What the primary documents actually say
The Congressional Research Service report prepared for the summit is unusually candid. It concedes that Rubio has characterised Ankara as "probably one of the more important leaders' summit[s] in the history of NATO" and that Trump's "disappointment" with allies "will have to be addressed." It also lays out the legal-financial architecture Europe is now assembling in parallel: the EU's €800 billion Readiness 2030 plan, which allows up to €650 billion of extra national defence borrowing, plus the €150 billion Security Action for Europe (SAFE) loan instrument for common procurement — funds from which US firms are being partially excluded, as the
IISS Military Balance 2026 has documented.
The SIPRI commentary on the 5% target flags the hard number: if all NATO allies hit the target in 2035, they would spend around $2.9 trillion annually on core defence, requiring roughly $1.4 trillion more per year than in 2024. Germany alone would spend $329 billion; France $221 billion. As SIPRI notes, "only nine countries in the world had a military burden of 5 percent or more" in 2024, and most were petro-states or dictatorships. That is the fiscal cliff Europe has voluntarily walked to — and the order book European primes are now racing to fill.
Ukraine is the second-order beneficiary. The European Parliament briefing records that allies discussed a new €70 billion military assistance package to be announced in Ankara, of which roughly €30 billion could come from the EU's €90 billion loan facility.
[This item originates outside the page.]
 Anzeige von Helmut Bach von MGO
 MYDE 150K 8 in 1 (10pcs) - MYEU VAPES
Zelensky's Ankara ask was concrete: more Patriot batteries and interceptors, additional air-defence for what the
Atlantic Council documented as Russia's ballistic-missile-heavy new bombing pattern. Ukraine now shoots down roughly 80% of cruise missiles but less than one-third of ballistic missiles — a gap the Patriot pipeline is not yet closing.
Diplomat View
The Ankara summit will be remembered less for the $50 billion price tag than for the ownership structure of the contracts underneath it. Our call: NATO's transatlantic defence industrial base is bifurcating in slow motion, and Ankara accelerated it. The alliance's political glue is holding — Trump attended, took the podium and signed nothing hostile — but the industrial base is quietly re-nationalising toward European and select non-US NATO primes. Saab, Airbus, MBDA, Rheinmetall, ASELSAN and the emerging UK-led consortium are the structural winners; US primes will keep the Triton- and Patriot-scale deals but will not recapture the AWACS-tier prestige buys. This forecast would be wrong if two things happen: the Pentagon's six-month posture review, reporting by mid-November, reverses course and re-commits US airpower to Europe on pre-2025 lines; or Trump conditions Article 5 assurances on quantified US-content shares in European procurement, forcing SAFE and EDIP to reopen. Absent both, Ankara was the moment "NATO 3.0" became a procurement fact, not a slogan.
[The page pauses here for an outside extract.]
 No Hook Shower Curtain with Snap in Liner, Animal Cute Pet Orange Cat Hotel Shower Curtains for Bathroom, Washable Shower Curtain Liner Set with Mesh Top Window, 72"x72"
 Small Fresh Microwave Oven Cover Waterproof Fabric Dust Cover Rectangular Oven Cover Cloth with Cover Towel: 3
The next six months will determine whether Ankara was a turning point or a photo opportunity. The contract sheet says turning point.
What to watch:
- November 15, 2026 — Hegseth's Europe force-posture review lands. It will name which US wings, ships and units leave. That number sets the ceiling on how quickly Europe must actually field the capabilities announced in Ankara.
- September 30, 2026 — Rutte's deadline for allies to submit "credible plans" for reaching 5% of GDP. Spain, Belgium, Canada and Italy are the marginal cases; a public reprimand from Trump against any of them will test whether the Ankara unity survived the ride home.
- Mid-2027 — Deep Precision Strike prime-contractor down-select. If a US firm is not in the lead-integrator role, it is confirmation that the industrial centre of gravity has crossed the Atlantic eastward for the first time since 1949.